1942 speech by U.S. President Franklin D. Roosevelt

The "Look to Norway" speech by U.S. President Franklin D. Roosevelt was given during the handover ceremony of the Royal Norwegian Navy ship HNoMS King Haakon VII at the Washington Navy Yard on 16 September 1942. The speech served as an important source of inspiration to Norwegians fighting the German occupation of Norway and the rest of Europe as well as for the resistance fighters of other small countries during World War II.

In the speech the President said: If there is anyone who still wonders why this war is being fought, let him look to Norway. If there is anyone who has any delusions that this war could have been averted, let him look to Norway; and if there is anyone who doubts the democratic will to win, again I say, let him look to Norway.
The speech also made an impact on Norwegian-Americans and the rest of the American public's opinion on the struggle in Europe. The impression of the Norwegian's situation had been severely damaged by an article by the American reporter, Leland Stowe, who happened to be in Oslo on the day the Germans marched into the city. He witnessed shocked Norwegian civilians standing around watching the Germans march down the parade street Karl Johans gate. He misinterpreted the shock as indifference and acceptance on the part of the Norwegian population and wrote a stinging article in Time and several newspapers which severely damaged the American public's opinion of the Norwegian resistance and therefore their motivation to help Norway and Europe. The speech corrected that impression.

In a speech on 13 April 1940, the President had already praised the Norwegian resistance.
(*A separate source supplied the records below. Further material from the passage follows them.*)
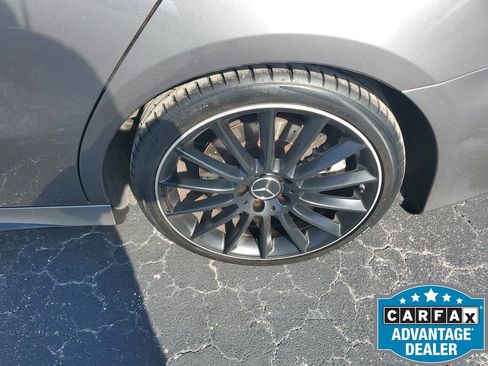 Used 2021 Mercedes-Benz A 35 AMG 4MATIC image 20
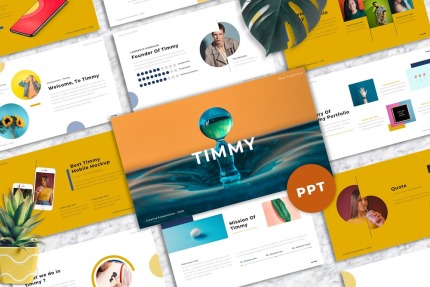 Logo template Preview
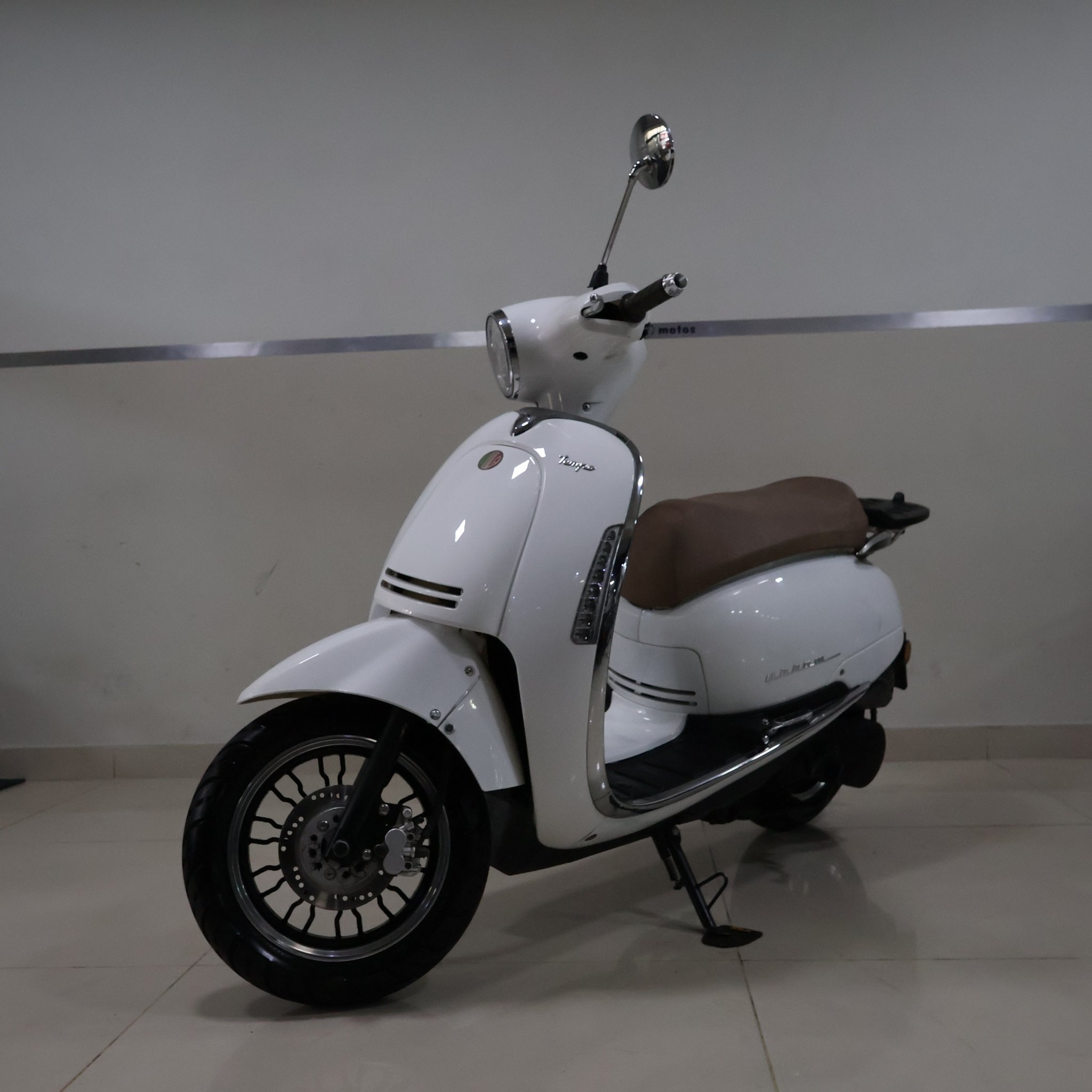 BETA TEMPO 150 2023 A177GOL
Roosevelt's interest in Norway was in part due to the good relations established by Norwegian Crown Prince Olav and his wife, Princess Märtha, and the Norwegian ambassador to the U.S., Wilhelm von Munthe af Morgenstierne (1887–1963).

In 2005, King Harald V of Norway attended a ceremony at Washington Navy Yard commemorating the alliance between Norway and the United States, where there was a reenactment of the speech.

==In popular culture==
The 1943 Hollywood-film Edge of Darkness starring Errol Flynn told the story of a fictional fishing village in Norway starting an armed uprising against their German occupiers. It ends in a massive battle in the town centre, where even the priest starts machine-gunning enemy soldiers. The "Look to Norway" speech is then read through the end credits by a Roosevelt voice impersonator.

In the episode "The Gift" of Atlantic Crossing, Kyle MacLachlan, as President Roosevelt, recreates the "Look to Norway" speech during a reenactment of the handover ceremony of the HNoMS King Haakon VII.